Tells the LDM/HDM card firmware to monitor data port lead number 4, every 5 seconds.

cnfleadmon 4 5

sw180 TN Cisco IGX 8420 9.3.r5 Dec. 20 2000 13:34 GMT | LDM | HDM/SDI-RS232 | HDM/SDI-RS449 | HDM/SDI-V35 | index | DCE : DTE | DCE : DTE | DCE : DTE | DCE : DTE | 1 : :TST/25 IS/28 :SB/36 : 2 : LL/18 :RI/22 LL/10 :IC/15 :RI/J 3 DTR/20 :DSR/6 DTR/20 :DSR/6 TR/12&30 :DM/11&29 DTR/H :DSR/E ===> 4 RTS/4 :CTS/5 RTS/4 :CTS/5 RS/7&25 :CS/9&27 RTS/C :CTS/D 5 : STxD/14 :SRxD/16 : : 6 : RL/21 : RL/14 :TM/18 :TM/K 7 :DCD/8 :DCD/8 NS/34 :RR/13&31 :DCD/F 8 : SRTS/19 :SCTS/13 : : 9 : :SDCD/12 : : 10 : SF/23 :SI/23 SF/16 :SI/2 : 11 : : :SQ/33 : 12 : ***/11 :QM/11 SS/32 : : Sampling interval for HDM or LDM control lead shown above ...... 5 seconds Last Command: cnfleadmon 4 5

cnfln (configure line)

Configures a line to be compatible with the device to which it connects. (Older alias: cnfcln). The cnfln command applies to voice, data, Frame Relay, ATM, and IMA lines. See the table in this definition section for a list of the front and matching back cards.
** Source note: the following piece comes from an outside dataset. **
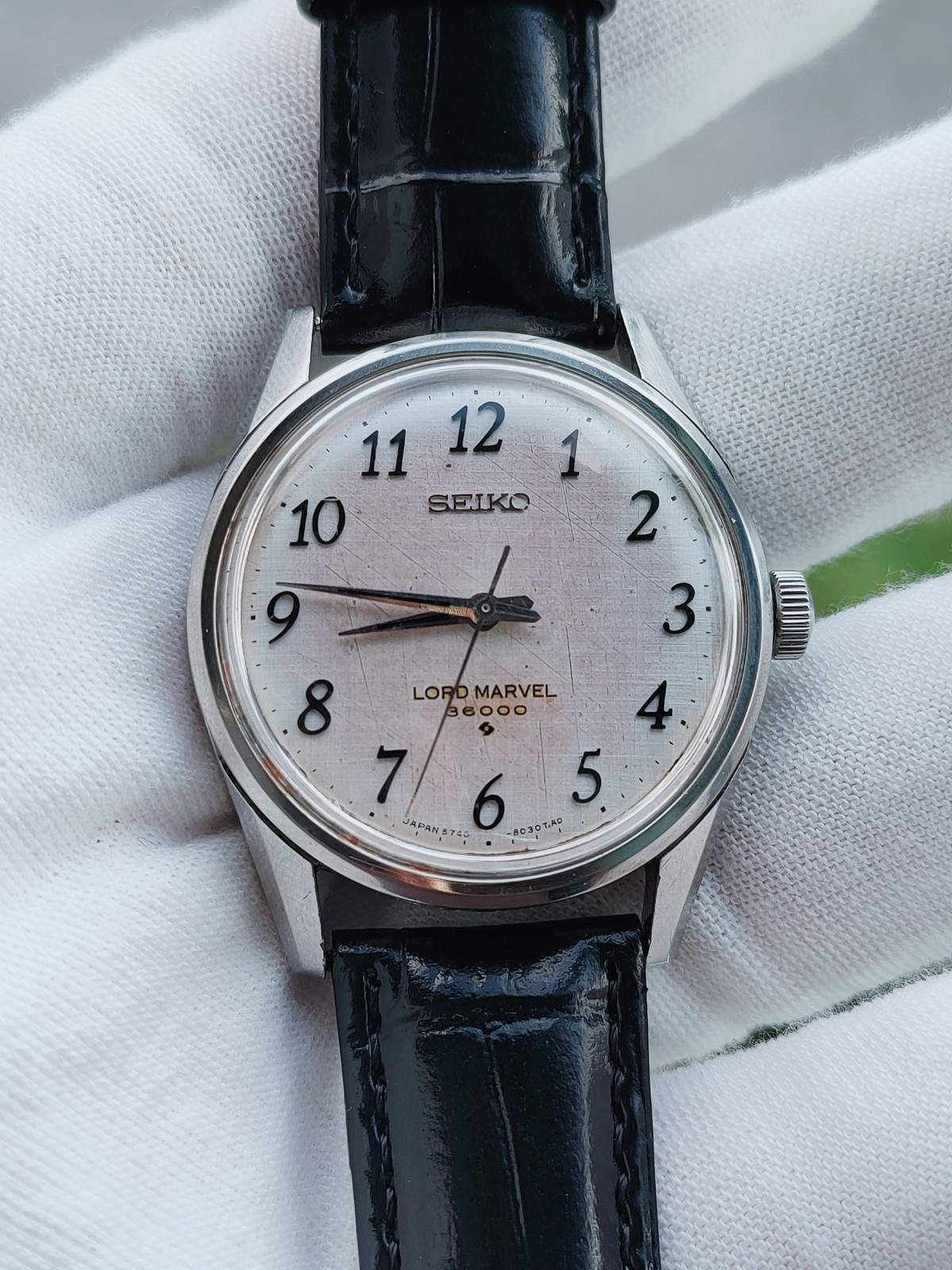 Vintage Seiko 5740-8000 LORD MARVEL 36000 Hi-Beat Linen Dial (1970s)  Men Watch!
Because of the variety of line types and characteristics, separate parameters sections define the parameters for specific line types. The system automatically presents the correct options on the command line for each line type. If a parameter is not applicable to a card type, the system displays the parameter in half-tone or the parameter value field with dashed lines.

For an IMA line, you can add or delete links in an IMA group, or specify the number of retained links for an IMA configuration. By default, the number of retained links is the same as the number of lines grouped together when the IMA group is created. For example, the command "upln 3.1-4" results in 4 lines in an IMA group with 4 retained links. If one link fails, the IMA line fails. Using the cnfln command, you can change the Retained Links parameter to a lesser number, for example, 3. Therefore, if one of the lines fails, the IMA line remains active.
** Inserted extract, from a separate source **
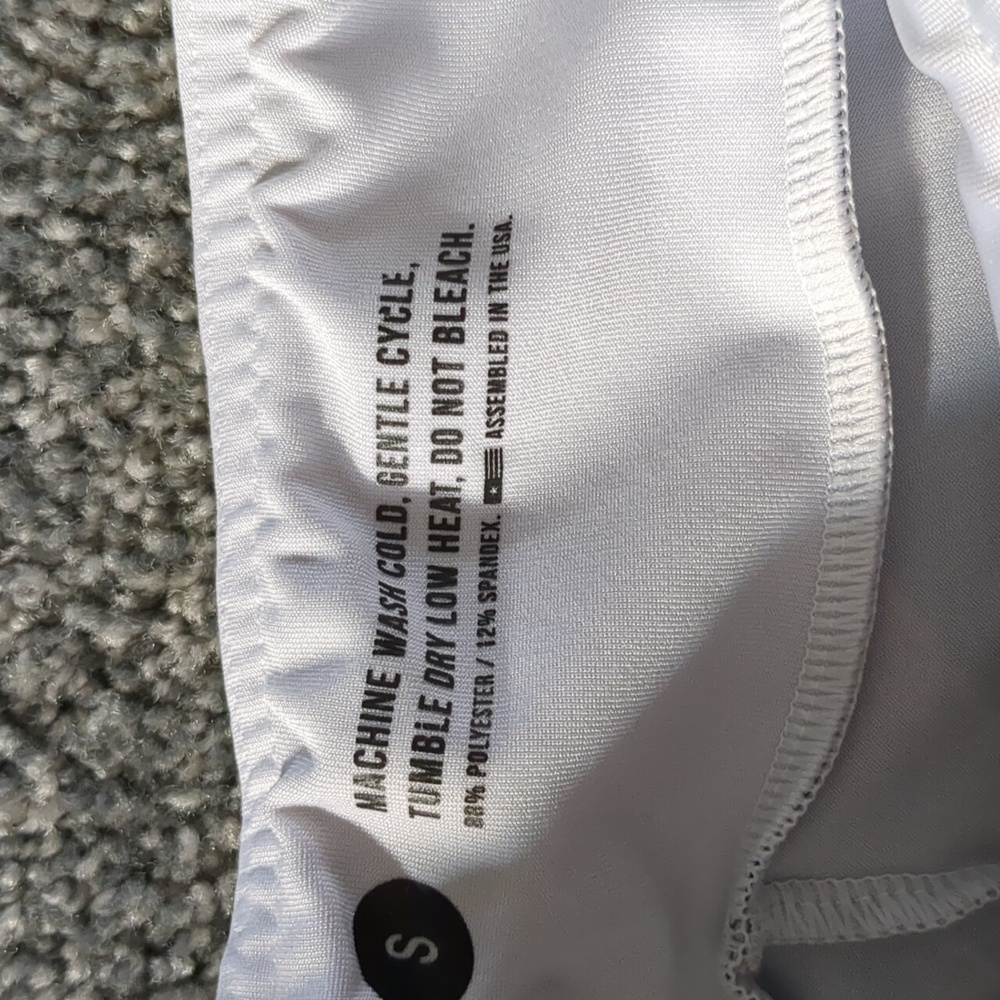 Brianne Valentino designed leggings one of a kind. Size small. - Picture 3 of 4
Note   In Release 9.3.20, the cnfln command is not supported on the Universal Router Module (URM) introduced on the IGX 8400. Consequently, the cnfln command is no longer used to configure the VC Shaping parameter on IGX ATM ports. You must use the cnfport command to configure VC Shaping. This change applies to all ATM ports in the IGX, that is, ports on the UXM and URM. Refer to the cnfport command for more information specific to ATM port configuration and the URM.
Syntax

cnfln <line> <parameters>

Syntax for IMA

cnfln <slot>.<primary link>

Parameters (Voice, Data, Frame Relay)

Parameter Description Default

slot or slot.line

Specifies the line. If the back card has one line connector and cable, enter the slot number. If the card has more than one physical line, include a line number. If the card is a UVM, however, enter just the slot number.

loop clock

Enables the transmit and receive control leads to use the same clock. Format for the parameter is Y or N.

N

line framing

Configures T1 line framing to be D4 or ESF.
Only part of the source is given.